From Immersive Visualization Lab Wiki
Revision as of 19:28, 26 April 2011 by Dtenedor (Talk | contribs)

Jump to: navigation, search

Introduction

The field of structure from motion within the study of computer vision is active and evolving. Existing approaches for using cameras to obtain the 3D structure of a scene use visual correspondence and tracking across multiple views to triangulate the position of points in the scene. This is a well-studied problem with entire textbooks written about the various stages of its solution, such as An Invitation to 3-D Vision: From Images to Geometric Models, by Yi Ma, Stefano Soatto, Jana Kosecka, and Shankar Sastry.

Unfortunately, purely vision-based approaches for using camera images to calculate the 3D geometry of a scene suffer from a number of well-known drawbacks. High-quality visual features must exist, and correspondences between them must be established within multiple views. The process of matching correspondences is subject to noise which depends on each view. Views without visual features, like images of the floors or walls of a building, are not suitable for use at all. In addition, aligningment of the views and triangulation of the geometry involves a considerable amount of computational expense. For many applications, this expense is acceptable, but once the geometry is constructed, it may be incomplete due to the presenece of "holes" from places where the user forgot to scan.

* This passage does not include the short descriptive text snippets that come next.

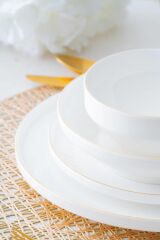 GOLDEN RISE 6 KİŞİLİK 24 PARÇA YEMEK TAKIMI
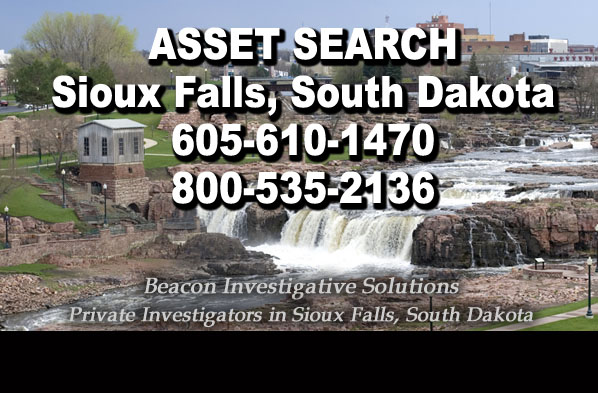 Sioux Falls South Dakota Asset Search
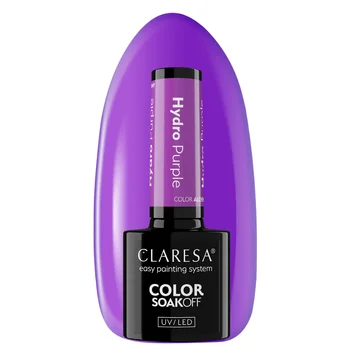 CLARESA Lakier hybrydowy HYDRO PURPLE - 5g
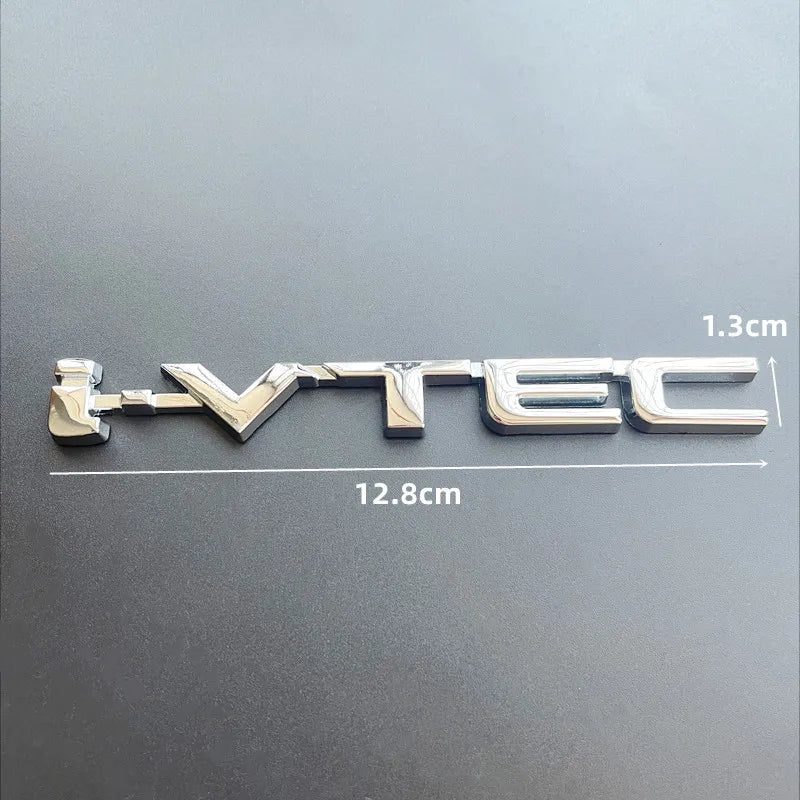 1PC 3D Metal IVTEC Adhesive Badge/Emblem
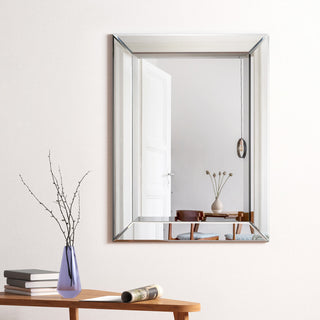 Modern Beveled Rectangle Wall Mirror, 1"-Beveled Center Mirror, 40"x 30"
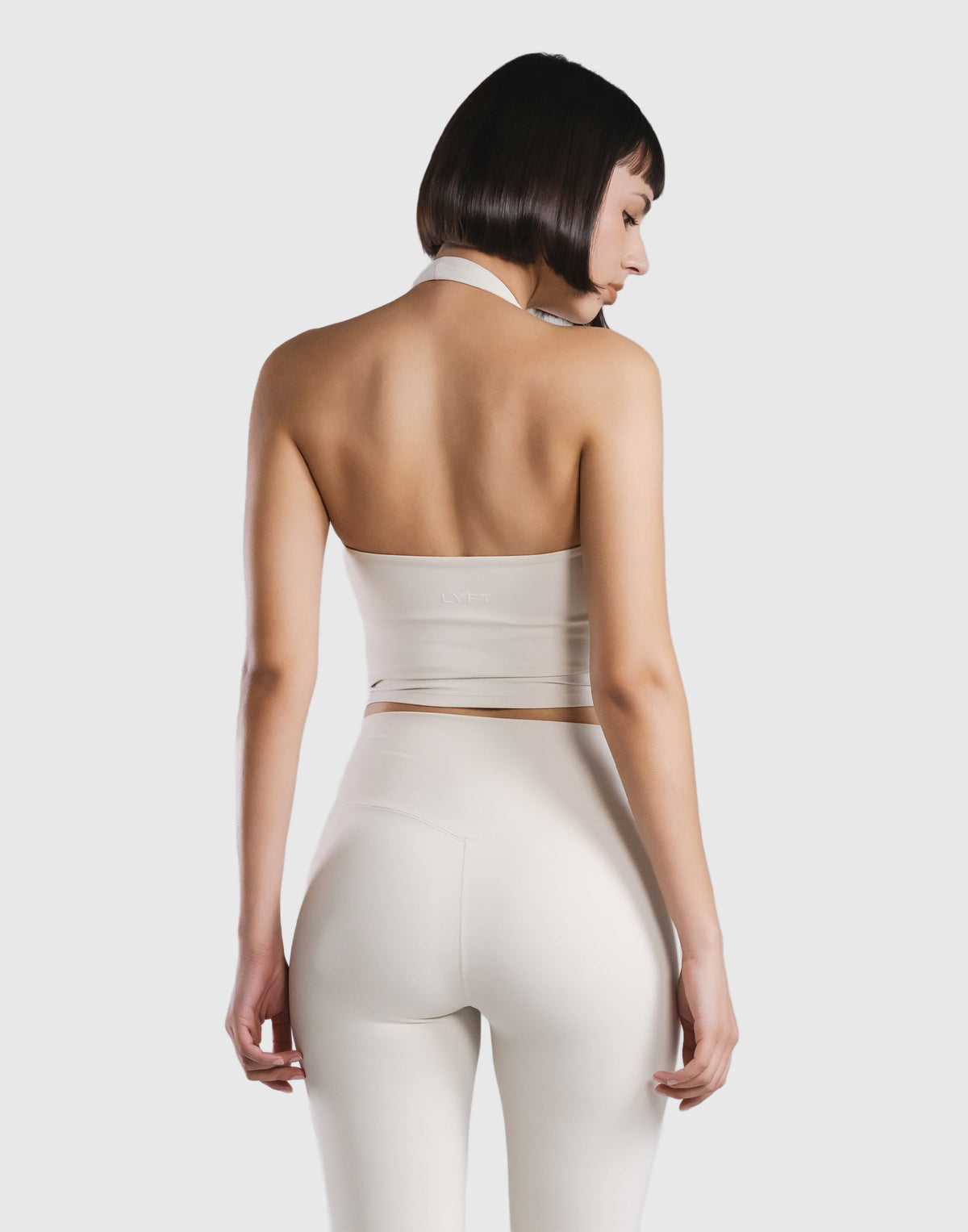 Cup In Halter Neck Top - Ivory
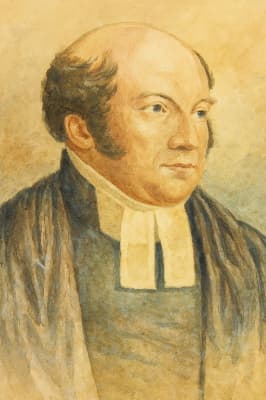 Rev. Richard Hill. An AI generated image from a lithograph after a portrait by Richard Read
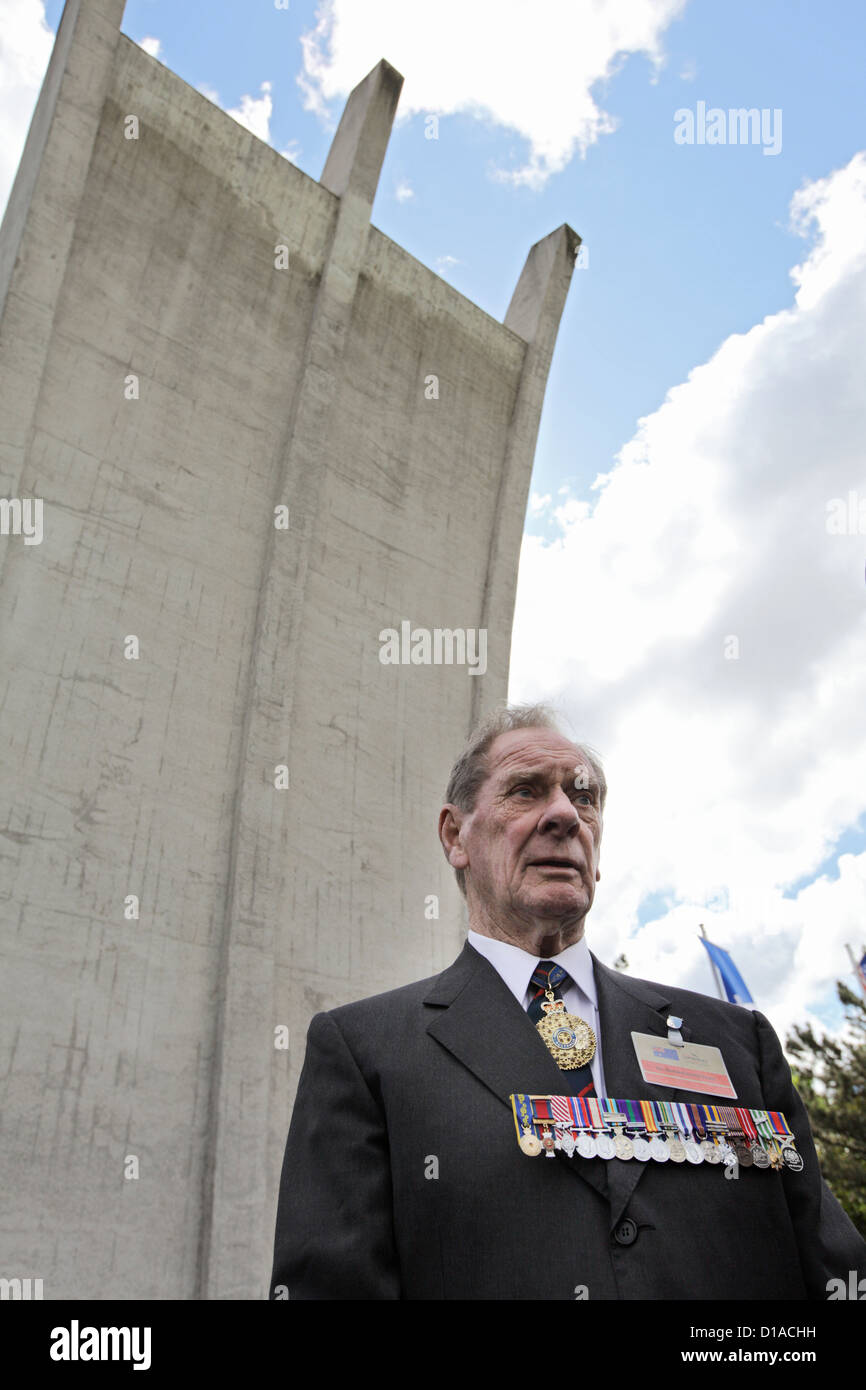 American air bridge veteran Air Marshal David Evans, Berlin, Germany Stock Photo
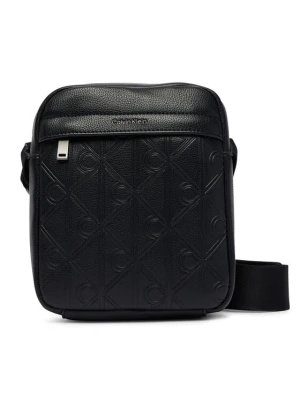 Calvin Klein Saszetka Emblem Aop Deboss Reporter LV04D3562G Czarny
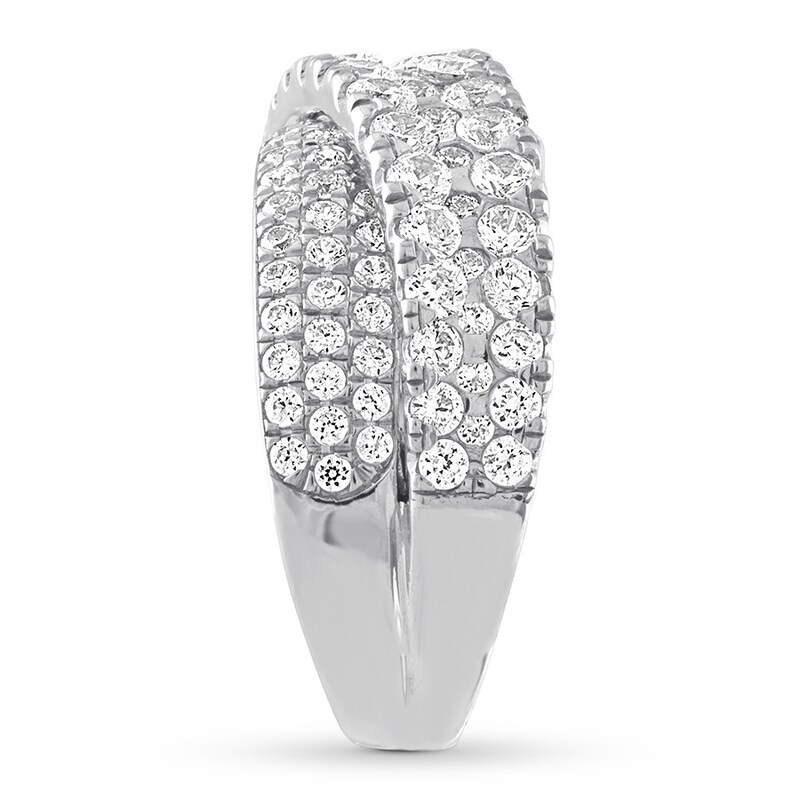 Diamond Ring 2-1/4 ct tw Round 14K White Gold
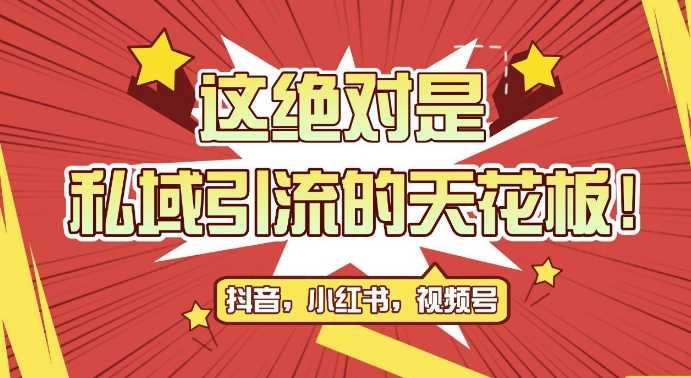 最新首发全平台引流玩法，公域引流私域玩法，轻松获客500+，附引流脚本，克隆截流自热玩法【揭秘】-天孤无涯网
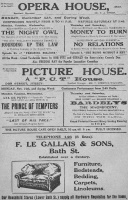 Entertainment adverts in 1927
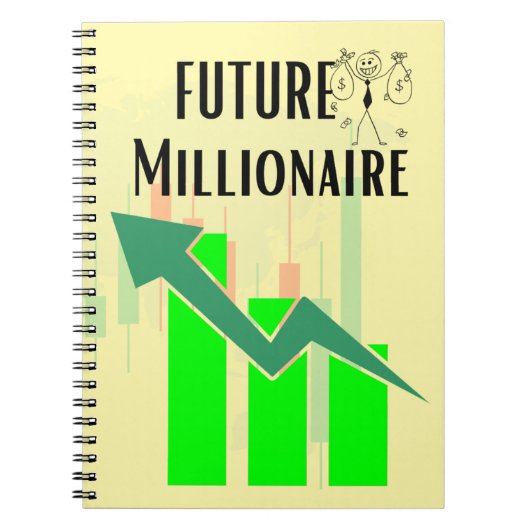 Carnet Futur millionnaire Forex Trading Stock (Devant)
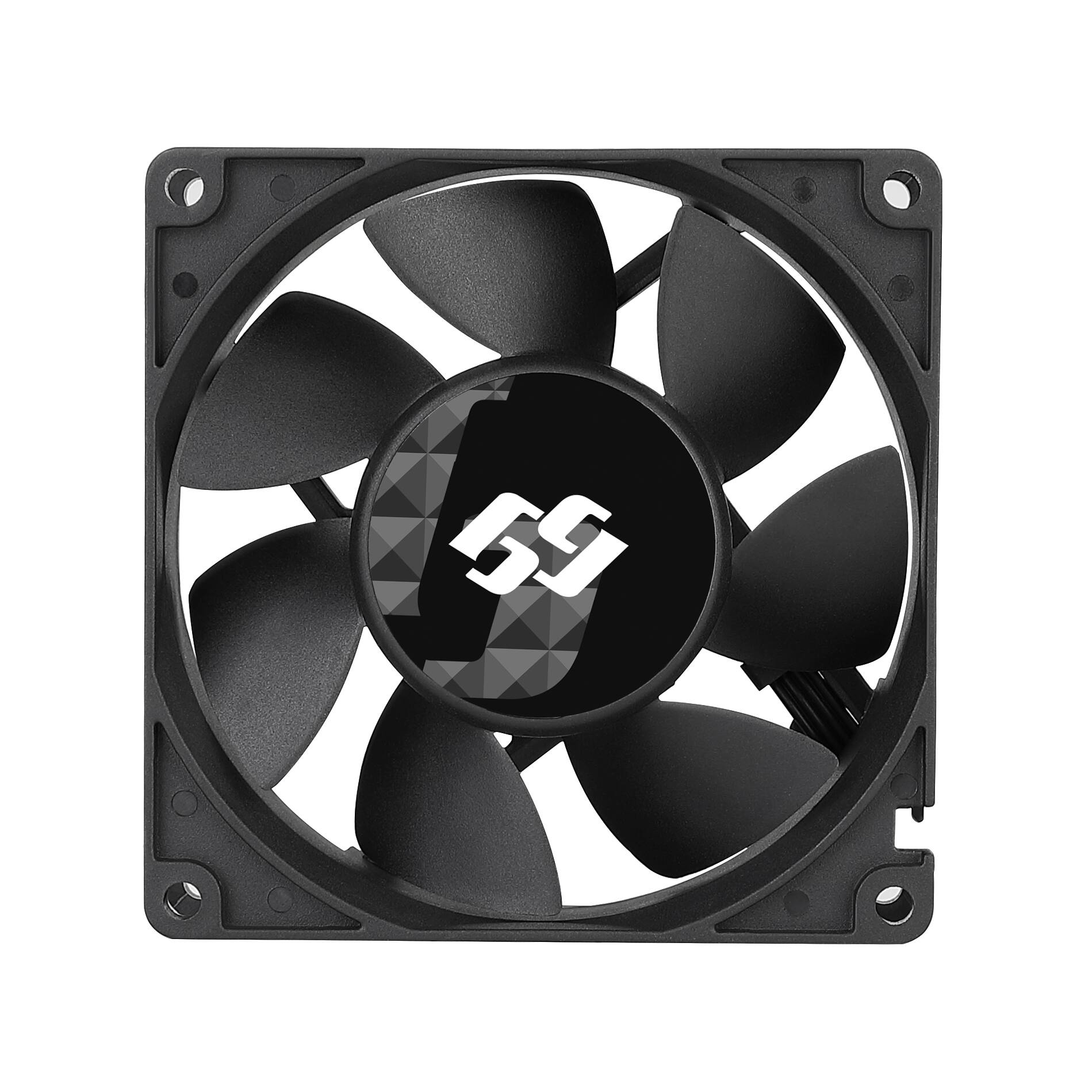 Front. Bluegears - b-BlasterPWM 90mm 2Ball PWM High Speed fan ranging 1200 to 5000 RPM with 118 CFM. UL, CE, FCC, RoHS, REACH Certified - Black.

The recent emergence of geometry cameras that use structured patterns of infrared light to construct a camera-space depth map in hardware solve a number of these problems. The infrared light projection and reconstruction occur outside of the visible light spectrum, so the system does not depend on visible features at all. Many of the cameras are relatively inexpensive, and the geometry construction occurs in real-time. They do, however, arrive with a number of their own novel problems. Infrared light from energy sources such as the sun or other infrared cameras may interfere with the projected patten. The projected light may also reflect off of different surfaces, confusing the algorithm used to perform the reconstruction. Also, the data is only available as a depth map in camera space; it is impossible to obtain data about any geometry that is not immediately visible in the current view.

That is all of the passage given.